> **Instructions to follow**:
Give the data again exactly as written, skipping any pictures.

> **Dataset extract**:
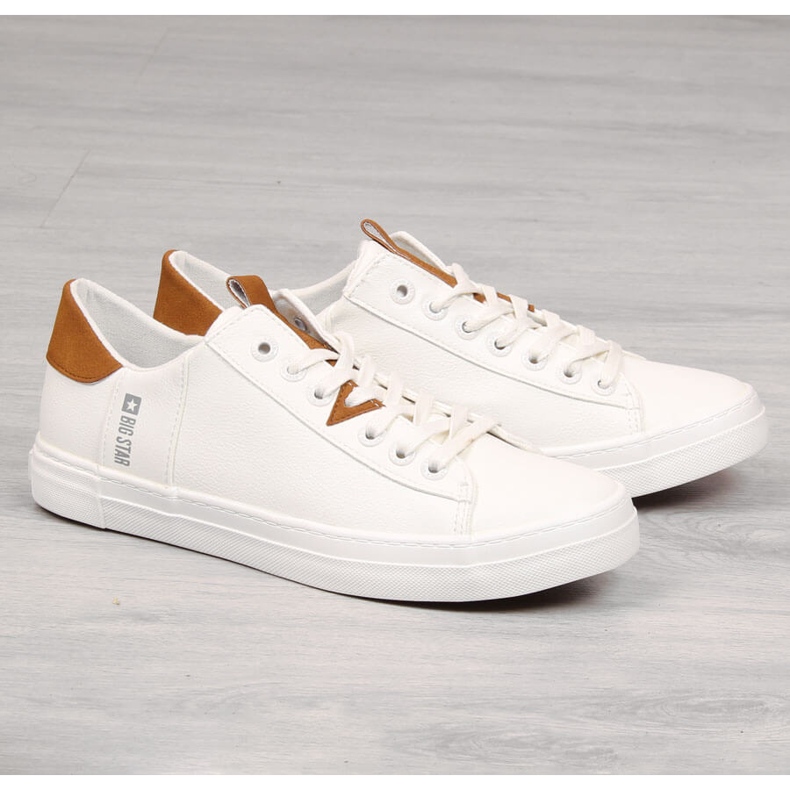 Blanc Baskets basses en cuir écologique pour hommes Big Star GG174025 1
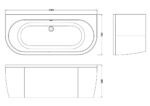 Nuie Shingle Curved Back To Wall Bath & Panel - Image 3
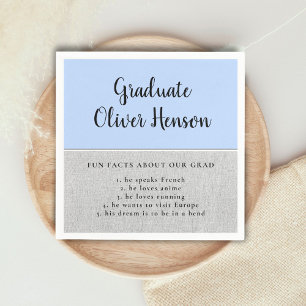 Fun Fact about Graduate Blue Simple Graduation   Napkin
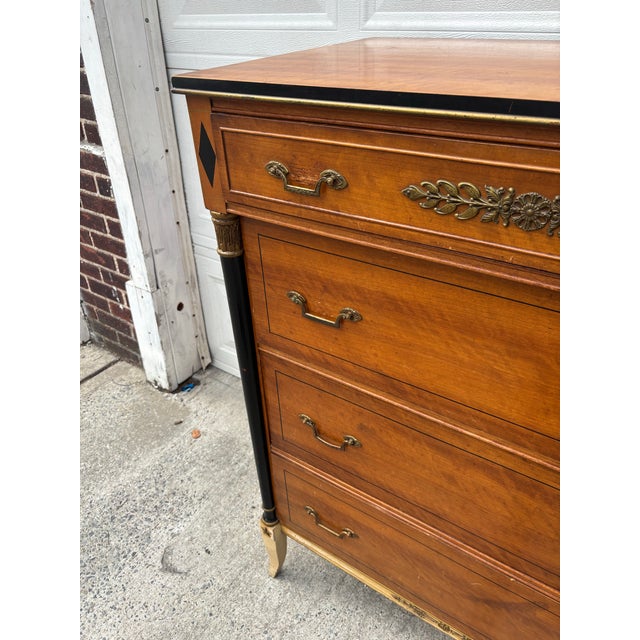 Vintage Neoclassical Revival Chest of Drawers, Empire Style Painted & Gilt Accent Dresser For Sale - Image 9 of 12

> **Exercise response**:
 Blanc Baskets basses en cuir écologique pour hommes Big Star GG174025 1
 Nuie Shingle Curved Back To Wall Bath & Panel - Image 3
 Fun Fact about Graduate Blue Simple Graduation   Napkin
 Vintage Neoclassical Revival Chest of Drawers, Empire Style Painted & Gilt Accent Dresser For Sale - Image 9 of 12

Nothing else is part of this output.